A lengthy list of players proved unable to claim a place in history. The majority fell by the wayside long before they were able to mount a realistic challenge for one of the most prestigious titles in sport.

For years on end, the lack of quality within the men’s game in this country was a source of complete embarrassment.

Then, in 2004, a gangly, floppy-haired 17-year-old from Dunblane won the junior title at the US Open.

Nine years later, and that same player is one of Britain’s all-time sporting greats.

Despite playing in arguably the strongest era of all time in the men’s game, Murray has achieved what few thought possible even as recently as two or three years ago.

Back then, when he was losing successive Wimbledon semi-finals to Rafael Nadal, and Australian Open finals to Roger Federer and Novak Djokovic, he was described as a choker, a talented player certainly, but not quite mentally or technically strong enough to claim Grand Slam titles.

How ridiculous that assessment looks now in the wake of three achievements that rank alongside anything achieved by a British sportsman or woman in the post-war era, even taking into account all the remarkable things that have happened in the last few years.

The first of Murray’s key victories came last summer, when he banished the memory of his Wimbledon final defeat to Federer by returning to SW19 to claim the Olympic title.

The virtue of tennis’ place at the Olympics can be argued until the cows come home, but the strength Murray gained from winning gold last August is indisputable. He beat the best players in the world on a stage that really mattered, and to further reinforce what might be attainable in the future, he also proved he could cope with the demands of an expectant British public. The experience has surely been invaluable in the last two weeks.

A month or so after his Olympic win, Murray beat Djokovic in New York to claim the US Open title. A first Grand Slam, a gruelling five-set victory, and further proof of the Scot’s ability to compete as an equal with the very best in the world.

January’s Australian Open final defeat could have gone either way, and while injury denied him the opportunity to compete for the French Open title, Murray arrived at Wimbledon in ideal mental and physical shape.

His campaign was almost derailed at the quarter-final stage, but his athleticism, technique and unbreakable competitive instinct enabled him to overturn a two-set deficit to beat Fernando Verdasco.

The make up of yesterday’s final felt preordained from the moment the first-round balls had been hit, yet there was still a high degree of doubt about Murray’s ability to defeat Djokovic, a fearsome competitor who has eclipsed both Federer and Nadal to establish himself as the world number one.

Was Murray really good enough to see off the Serb?

The answer was unequivocal.

Djokovic played brilliantly, hammering his usual barrage of ground strokes from the baseline, pulling his opponent this way and that, such was the depth of his shot making, and refusing to flag despite the searing heat and raft of rallies that regularly extended beyond the 20-shot mark.
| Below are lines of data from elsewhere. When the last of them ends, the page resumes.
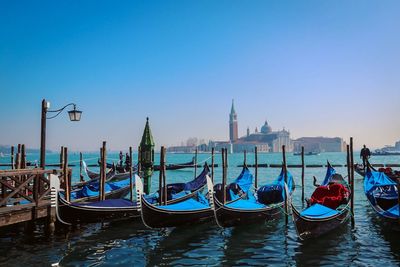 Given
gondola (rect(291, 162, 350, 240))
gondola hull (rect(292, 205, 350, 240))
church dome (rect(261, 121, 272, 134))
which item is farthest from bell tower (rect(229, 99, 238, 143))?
gondola hull (rect(292, 205, 350, 240))

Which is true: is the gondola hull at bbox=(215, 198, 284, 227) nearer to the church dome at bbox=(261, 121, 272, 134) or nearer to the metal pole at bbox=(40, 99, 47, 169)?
the metal pole at bbox=(40, 99, 47, 169)

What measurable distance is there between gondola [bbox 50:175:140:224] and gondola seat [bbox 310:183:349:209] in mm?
4868

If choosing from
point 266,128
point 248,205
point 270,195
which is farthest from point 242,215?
point 266,128

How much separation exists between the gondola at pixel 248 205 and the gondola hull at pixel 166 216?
718mm

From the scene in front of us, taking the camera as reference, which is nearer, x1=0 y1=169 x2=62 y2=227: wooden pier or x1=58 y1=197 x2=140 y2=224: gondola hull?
x1=0 y1=169 x2=62 y2=227: wooden pier

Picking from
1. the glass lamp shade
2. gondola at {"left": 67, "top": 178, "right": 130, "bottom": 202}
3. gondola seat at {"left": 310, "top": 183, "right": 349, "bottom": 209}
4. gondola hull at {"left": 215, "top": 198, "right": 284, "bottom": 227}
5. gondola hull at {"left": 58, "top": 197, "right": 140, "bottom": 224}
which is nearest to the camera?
gondola hull at {"left": 58, "top": 197, "right": 140, "bottom": 224}

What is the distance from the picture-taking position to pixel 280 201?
1099 centimetres

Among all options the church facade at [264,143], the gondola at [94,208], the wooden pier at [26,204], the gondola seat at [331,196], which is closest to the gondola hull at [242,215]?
the gondola seat at [331,196]

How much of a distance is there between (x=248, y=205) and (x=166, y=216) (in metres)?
2.26

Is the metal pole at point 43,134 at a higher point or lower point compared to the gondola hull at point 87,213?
higher

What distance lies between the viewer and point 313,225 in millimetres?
7742

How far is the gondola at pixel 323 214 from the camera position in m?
7.54

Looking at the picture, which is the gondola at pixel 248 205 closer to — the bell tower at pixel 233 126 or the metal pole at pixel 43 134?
the metal pole at pixel 43 134

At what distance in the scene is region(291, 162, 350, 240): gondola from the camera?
7543mm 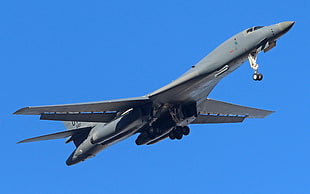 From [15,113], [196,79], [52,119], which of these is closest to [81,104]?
[52,119]

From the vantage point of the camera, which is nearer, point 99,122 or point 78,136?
point 99,122

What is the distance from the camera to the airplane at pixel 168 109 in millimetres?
31828

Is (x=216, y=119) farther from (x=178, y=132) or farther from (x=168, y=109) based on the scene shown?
(x=168, y=109)

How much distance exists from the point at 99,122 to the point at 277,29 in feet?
39.3

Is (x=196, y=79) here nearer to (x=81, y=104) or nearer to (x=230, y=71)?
(x=230, y=71)

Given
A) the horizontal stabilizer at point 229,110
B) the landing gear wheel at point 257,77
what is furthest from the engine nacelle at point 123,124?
the landing gear wheel at point 257,77

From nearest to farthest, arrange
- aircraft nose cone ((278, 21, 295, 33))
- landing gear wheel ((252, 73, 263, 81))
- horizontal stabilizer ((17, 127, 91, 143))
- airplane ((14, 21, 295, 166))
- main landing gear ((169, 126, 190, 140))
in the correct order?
aircraft nose cone ((278, 21, 295, 33))
landing gear wheel ((252, 73, 263, 81))
airplane ((14, 21, 295, 166))
horizontal stabilizer ((17, 127, 91, 143))
main landing gear ((169, 126, 190, 140))

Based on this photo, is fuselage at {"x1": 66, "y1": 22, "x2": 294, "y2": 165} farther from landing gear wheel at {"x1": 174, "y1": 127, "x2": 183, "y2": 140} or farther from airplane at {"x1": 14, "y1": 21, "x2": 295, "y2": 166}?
landing gear wheel at {"x1": 174, "y1": 127, "x2": 183, "y2": 140}

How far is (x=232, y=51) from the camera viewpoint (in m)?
32.0

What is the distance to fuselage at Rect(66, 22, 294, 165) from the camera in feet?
103

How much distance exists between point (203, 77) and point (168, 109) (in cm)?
398

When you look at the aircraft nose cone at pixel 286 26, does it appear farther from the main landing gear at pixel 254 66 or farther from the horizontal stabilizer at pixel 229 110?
the horizontal stabilizer at pixel 229 110

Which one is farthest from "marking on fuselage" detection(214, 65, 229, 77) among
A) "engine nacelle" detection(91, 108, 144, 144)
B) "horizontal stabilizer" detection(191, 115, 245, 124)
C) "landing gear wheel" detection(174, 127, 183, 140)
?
"horizontal stabilizer" detection(191, 115, 245, 124)

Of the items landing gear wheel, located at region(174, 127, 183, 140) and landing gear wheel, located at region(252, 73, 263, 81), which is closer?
landing gear wheel, located at region(252, 73, 263, 81) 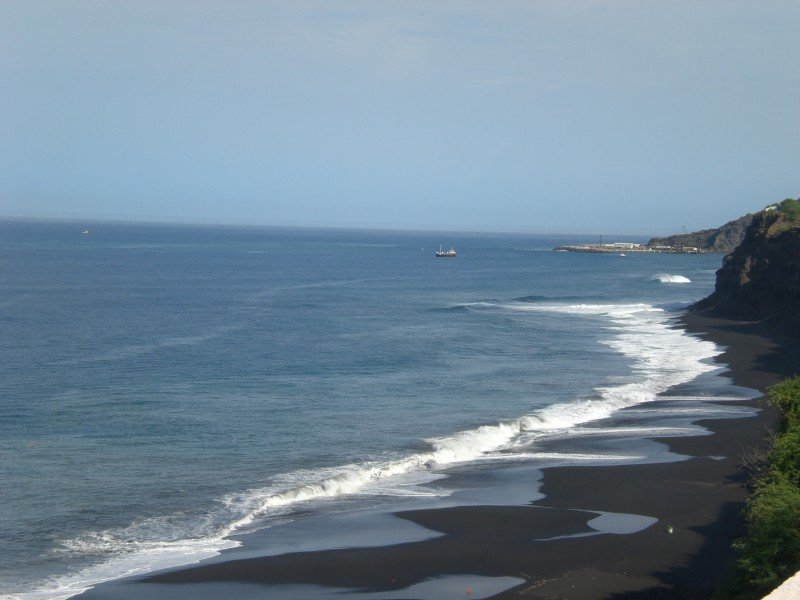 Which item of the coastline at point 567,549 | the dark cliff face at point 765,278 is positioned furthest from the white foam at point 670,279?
the coastline at point 567,549

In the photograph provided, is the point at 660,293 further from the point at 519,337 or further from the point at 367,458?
the point at 367,458

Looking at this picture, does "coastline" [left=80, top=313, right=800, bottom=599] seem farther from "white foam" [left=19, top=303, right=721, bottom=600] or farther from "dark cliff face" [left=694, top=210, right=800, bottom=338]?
"dark cliff face" [left=694, top=210, right=800, bottom=338]

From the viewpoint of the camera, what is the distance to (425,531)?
22.7m

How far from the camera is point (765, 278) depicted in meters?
72.0

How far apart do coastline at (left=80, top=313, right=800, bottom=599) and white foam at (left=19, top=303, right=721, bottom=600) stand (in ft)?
4.24

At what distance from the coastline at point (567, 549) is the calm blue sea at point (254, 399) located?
91.2 inches

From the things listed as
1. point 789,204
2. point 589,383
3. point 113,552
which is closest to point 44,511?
point 113,552

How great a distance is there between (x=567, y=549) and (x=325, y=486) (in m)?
8.00

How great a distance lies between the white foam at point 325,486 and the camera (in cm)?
2091

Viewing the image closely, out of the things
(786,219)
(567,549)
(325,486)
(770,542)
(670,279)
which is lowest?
(325,486)

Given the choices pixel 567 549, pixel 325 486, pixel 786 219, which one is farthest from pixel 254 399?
pixel 786 219

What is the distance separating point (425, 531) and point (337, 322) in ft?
142

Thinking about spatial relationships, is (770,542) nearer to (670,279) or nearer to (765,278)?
(765,278)

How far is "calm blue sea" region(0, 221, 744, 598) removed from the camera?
78.3 ft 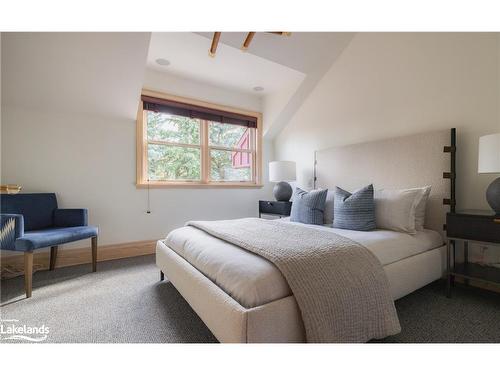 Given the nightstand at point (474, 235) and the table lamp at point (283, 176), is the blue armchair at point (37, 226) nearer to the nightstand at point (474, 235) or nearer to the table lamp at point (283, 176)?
the table lamp at point (283, 176)

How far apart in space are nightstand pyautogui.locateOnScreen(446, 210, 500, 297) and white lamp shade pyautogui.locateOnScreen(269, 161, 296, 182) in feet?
6.52

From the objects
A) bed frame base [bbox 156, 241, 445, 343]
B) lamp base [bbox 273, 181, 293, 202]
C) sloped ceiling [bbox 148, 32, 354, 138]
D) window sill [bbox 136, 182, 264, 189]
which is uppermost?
sloped ceiling [bbox 148, 32, 354, 138]

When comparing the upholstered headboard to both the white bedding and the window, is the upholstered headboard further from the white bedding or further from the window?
the window

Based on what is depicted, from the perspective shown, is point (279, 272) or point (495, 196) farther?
point (495, 196)

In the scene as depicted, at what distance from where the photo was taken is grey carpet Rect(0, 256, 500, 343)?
1355 mm

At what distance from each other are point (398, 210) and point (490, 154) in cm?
70

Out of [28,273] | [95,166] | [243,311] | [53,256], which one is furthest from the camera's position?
[95,166]

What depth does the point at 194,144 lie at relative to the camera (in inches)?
142

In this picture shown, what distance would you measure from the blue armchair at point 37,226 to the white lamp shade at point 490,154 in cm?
346

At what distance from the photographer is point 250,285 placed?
101 cm

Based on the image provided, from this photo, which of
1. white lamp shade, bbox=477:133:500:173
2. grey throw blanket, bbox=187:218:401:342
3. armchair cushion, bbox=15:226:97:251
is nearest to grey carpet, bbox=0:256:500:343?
grey throw blanket, bbox=187:218:401:342

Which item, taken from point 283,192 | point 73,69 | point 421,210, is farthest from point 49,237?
point 421,210

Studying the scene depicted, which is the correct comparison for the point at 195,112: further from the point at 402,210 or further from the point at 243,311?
the point at 243,311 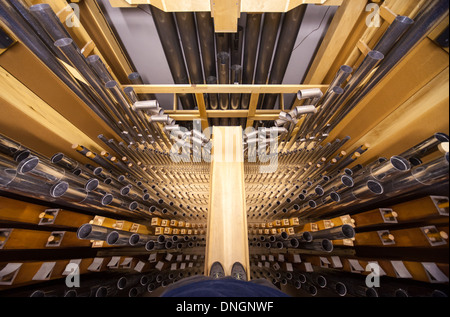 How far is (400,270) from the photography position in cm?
153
Yet Murray outperformed him in every department.

From the opening game, in which he served notice of his intent by carving out three break points on the Djokovic serve, to the dramatic denouement, where he spurned three match points before finally forcing Djokovic to net under the most unbearable of pressure, Murray reigned supreme.

This was a player at the very peak of his powers, with his ground strokes outdoing Djokovic’s when it came to power and placement, the reliability of his hitting remaining unblemished despite the supreme significance of the occasion and his ability to retrieve positions that appeared forlorn redefining the limits of what is possible on a tennis court.

We’ve known Murray was good for quite a while, but the past 12 months or so have made us reassess our judgements about his perceived limits. Suddenly, there simply aren’t any.

Technically, Murray is flawless, with any doubts about the strength of his second serve or the effectiveness of his sliced backhand having been emphatically dispelled. His energy and fitness, which were questioned at the start of his career, are truly incredible.

And mentally, he is now as focused and resilient as any opponent you could care to mention.

Yesterday’s victory propels him into the very highest echelon of British sporting greats. He is a Best or a Botham, a Wilkinson or a Wiggins. For the next halfcentury, we will no doubt be searching for the ‘next Andy Murray’.

And the best thing of all is that there could still be so much more to come.

Given that he only recently turned 26, Murray could be winning Wimbledon for at least the next five or six summers.

For now though, one success will more than suffice. 2013 – the year that British tennis cast off the shackles of the past. Andy Murray – the champion that made it possible.